|1) My Own Life||Lyrics & chords|
|2) One More Chance||Lyrics & chords|
|3) Don’t Coddle Me||Lyrics & chords|
|4) Happy Part||Lyrics & chords|
|5) The Meaning of Life||Lyrics & chords|
|6) Tell Him the Truth||Lyrics & chords|
|7) Never Doing That Again||Lyrics & chords|
|8) Talking to the Air||Lyrics & chords|
|9) It Won’t Kill Me||Lyrics & chords|
|10) Writ in Stone||Lyrics & chords|
|11) Tell Your Own Story||Lyrics & chords|
Thank you for listening. This album is a collection of songs written from August 2015 to June 2016 and recorded from April to June of 2016. It was originally “music as therapy”, but turned into a redefinition period in my life. I have come to embrace rough-hewn beauty and the communication power lyrics can wield. I envisioned a 4-piece band (although the drums take 3 passes for me to sequence), and tried to retain as much of the organic performance as was possible with my limited skill. As such, when the high G string on my Takamine 12-string was lost in a capo accident just prior to recording, I decided it would be my main instrument. I had a supportive group in the Songmakers – small successes and huge encouragement. Thanks to Luke for the photos. My goal was just to create something with the tools I had and find joy. Goal accomplished. Next!
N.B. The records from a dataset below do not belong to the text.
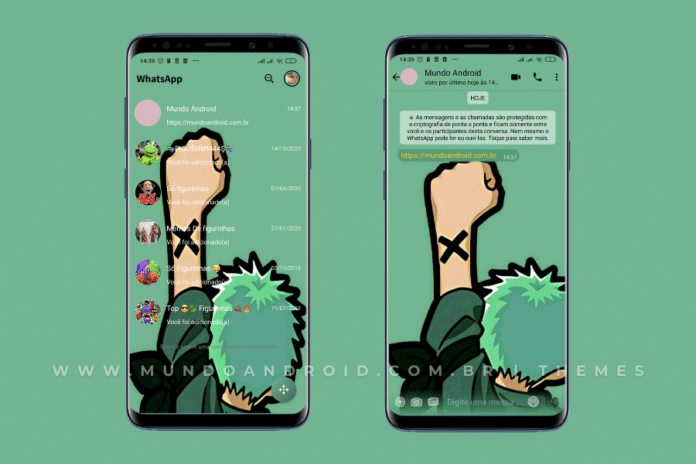 Zoro Theme - Tema para Delta WhatsApp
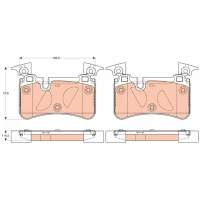 Brake pads for disc brakes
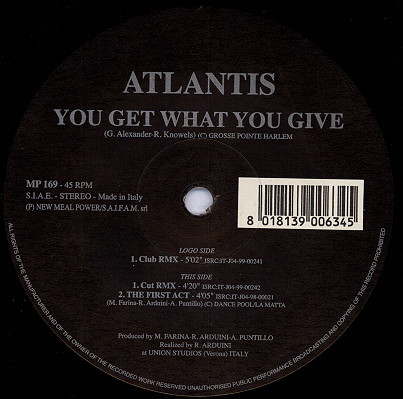 Atlantis - You Get What You Give | New Meal Power (MP 169) Atlantis - You Get What You Give | New Meal Power (MP 169)
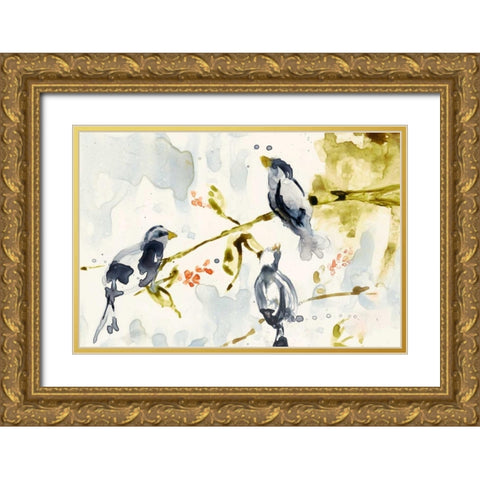 Morning Conversation I Gold Ornate Wood Framed Art Print with Double Matting by Goldberger, Jennifer
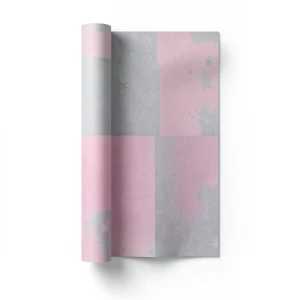 ورق جدران فينيل تصميم شبابي 10 م×53 سم رمادي و وردي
My Own Life: Yeah, a little unintended Ray Davies loan. Songs like this are fictional representations of where my mind can go. It’s a bookend to “Live Like That” from The Others Yeah Right album. One of the early ones where I used the trusty P-bass.
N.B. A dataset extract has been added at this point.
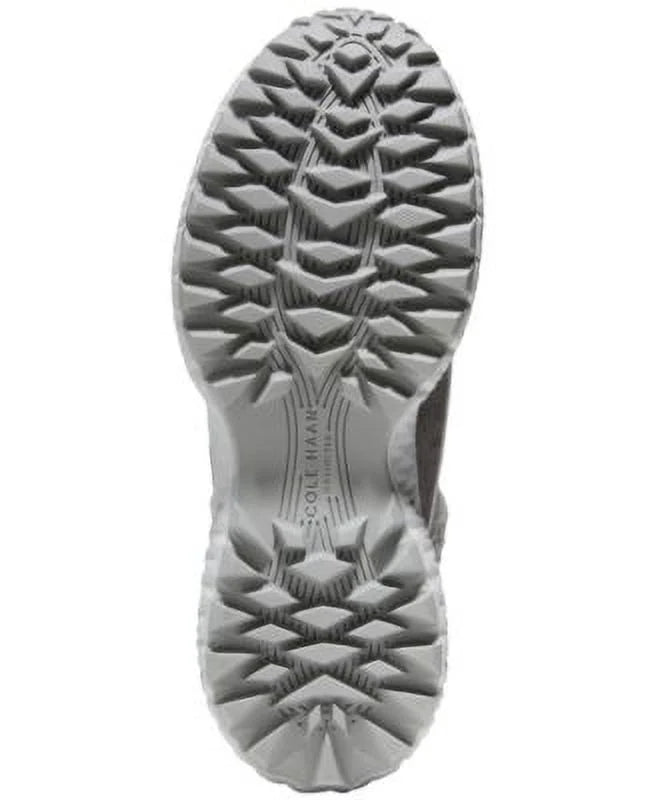 Shearling HAAN Faux Boots Cushioned Round B Waterproof Hiking 5 Zerogrand Cuff Lace-Up COLE Womens Leather Gray Wedge Toe Flurry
One More Chance: A personal story of equilibrium in codependency. By the coda, both halves of the dialog admit that the unfulfilled expectations are exactly what is expected. Tricky to record piano with only 25 keys – bass hand never quite jelled.
Don’t Coddle Me: Grown from my own desire to withdraw, it turned into a story of a cubicle dweller wanting to be “out of your happy crew”. I tried to do a write-and-record-in-a-day, but as soon as the stop recording button happened near midnight, “Don’t Bother Me” became the more succinct “Don’t Coddle Me”. I really fell in love with the sound and feel of the Ibanez acoustic bass.
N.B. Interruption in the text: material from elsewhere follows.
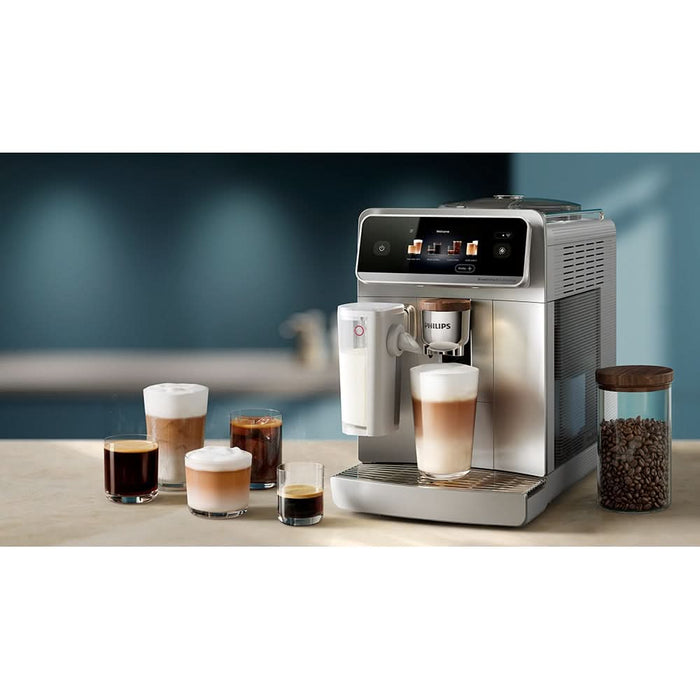 Espressor automat PHILIPS Cafe Aromis Seria 8000 EP8757/20, 1.9l, 1500W, 15 bar, argintiu deschis - WALTI WALTI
Happy Part: Echoes of conversations from tougher times. The silly rhythm placeholder just started sounding more and more right. I wished I played the violin well enough to not have to keyboard it. Yes, puns intended.
The Meaning of Life: Originally sung to Iris DeMent’s “Let the Mystery Be”. The chorus chords were a thought experiment that actually worked. It really took off with the chorus bass line. No need for the 4th player – he gets the cowbell and the bad attitude.
Tell him the Truth: A rhythm that was haunting me for several nights that needed lyrics. So this is what happens when feral men are left to their own stream of thought. Time signature goes from 7/4, to 6/4, etc. until the chorus ends in 2/4. OK, this is my herky-jerky dance music.
Never Doing That Again: My novelty song. I really wanted zombies, but metric restrictions made it last year’s monster. Live tambourine since there’s not a realistic sampled shake. Big P-bass!
Talking to the Air: A therapy song written before I ever thought of performing. Should be Roy Orbison. I would love a real piano player, too. Oh, and the strings and choir and… Yeah, it was tough to record this stripped down. Feel naked.
It Won’t Kill Me: Huge rewrite during recording prep sent the song into several new keys. It’s still a 12-note range. Just to be clear, I think many of the things mentioned do kill people, but I have no power to prevent them and, statistically, I will not be affected. It’s about where to place focus and energy – the needs of the many: hunger, water, health.
Writ in Stone: Originally written from the perspective of an atheist speaking to a fundamentalist (any religion) asking for tolerance. I found more of my own philosophies leaking in and confusing me. Which side of the argument was I on? Floaty Strat ala Beck’s Morning Phase.
Tell Your Own Story: Last song written and a good summation. Sometimes the future looks insurmountable and the inclination is to accept inevitable failure. I choose to be the frog in the cream and live in the joyous delusion of a meaning-filled life and a happily ever after. Anyone join me? For my sons.